Exercise: Each line of the data must be given back verbatim, with pictures removed.

Dataset excerpt below:

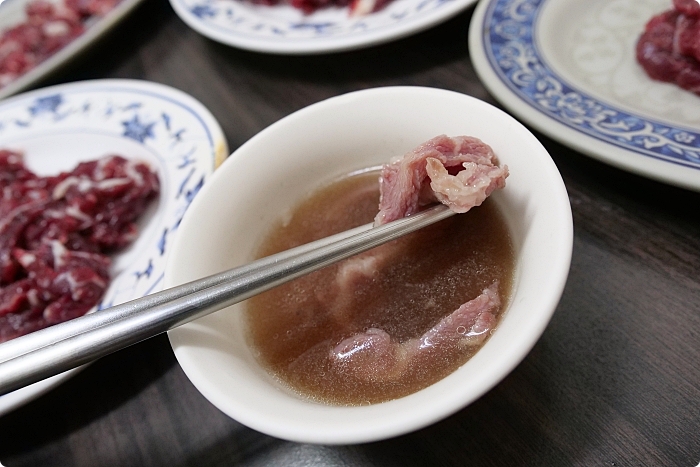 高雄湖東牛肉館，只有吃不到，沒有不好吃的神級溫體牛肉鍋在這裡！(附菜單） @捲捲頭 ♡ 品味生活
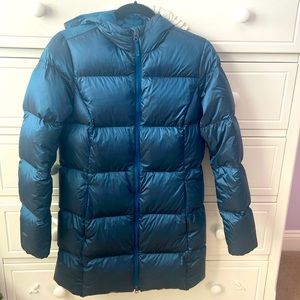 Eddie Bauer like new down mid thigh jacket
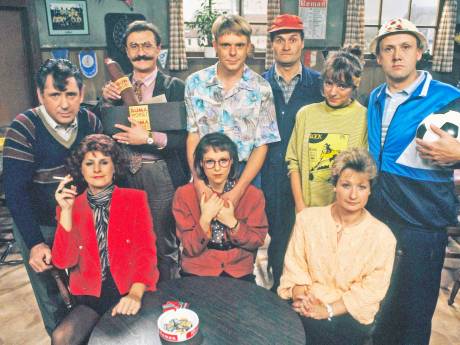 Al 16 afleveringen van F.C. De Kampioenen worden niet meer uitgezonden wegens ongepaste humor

End of Dataset excerpt.

The completed task:
 高雄湖東牛肉館，只有吃不到，沒有不好吃的神級溫體牛肉鍋在這裡！(附菜單） @捲捲頭 ♡ 品味生活
 Eddie Bauer like new down mid thigh jacket
 Al 16 afleveringen van F.C. De Kampioenen worden niet meer uitgezonden wegens ongepaste humor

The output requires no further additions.